Every company wants high productivity and efficiency from employees. To achieve this, employee satisfaction is crucial, and personalized lighting is one of the solutions. Employees can take advantage of more pleasant workplaces to encourage concentration, focus, and inspiration by establishing a setting that mimics nature. Employees may feel more satisfied if they have control over the lighting in their own workspaces. Whether employees clocks in at an office or a warehouse, their productivity will likely increase if they are pleased at work. Human-centric lighting may be especially beneficial to night shift workers, improving their productivity, comfort, and job satisfaction. Additionally, contented individuals tend to be more tolerant and helpful colleagues, which can eventually benefit a business.
Disengaged employees cost organizations an average of $3,400 a year for every $10,000 in annual salary; those who are committed to an organization, emotionally and mentally, will miss 20% fewer workdays.

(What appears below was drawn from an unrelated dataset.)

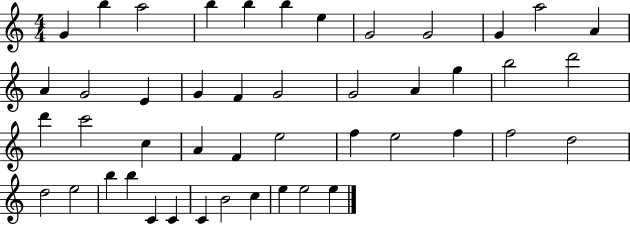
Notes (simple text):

Schools where children are engaged and learn faster
We always want the best for our children: education, friendship, success, and health. But we’ve all been through situations in which the child feels demotivated and lazy to wake up early in the morning. What if I told you that light can change this in a blink?
Children spend more than 1000 hours per year in a classroom, therefore lighting has significant implications. Children’s stress and sleep hormones can be regulated when they arrive at school in the morning and are greeted by cool white and intense lighting. To be more precise, this regulation advances their daily cycle, making them more active during the day and helping them sleep better at night. Students will benefit from paying closer attention in class and to what the teacher is saying.
Dutch investigations have shown that with higher illuminance levels and higher color temperatures (closer to daylight), academic performance improved, while a reduction of light levels and lower color temperature decreased agitation and classroom disturbances during lessons.
Goodbye groggy eyes!
As hard as it can be to admit it, many of us live in a windowless world and this takes a toll on our mood, our health, and on our sleep. The more advanced the world becomes, the less daylight we get with all the skyscrapers built and technologies that allow us to do everything in a click without even going out. According to what scientists say, human-centric lighting is a valuable replacement for natural light; knowing this makes it impossible to overlook its promise to improve our lives at work and at home simply and automatically. Don’t wait to make the change – say goodbye to sleepless nights and groggy mornings!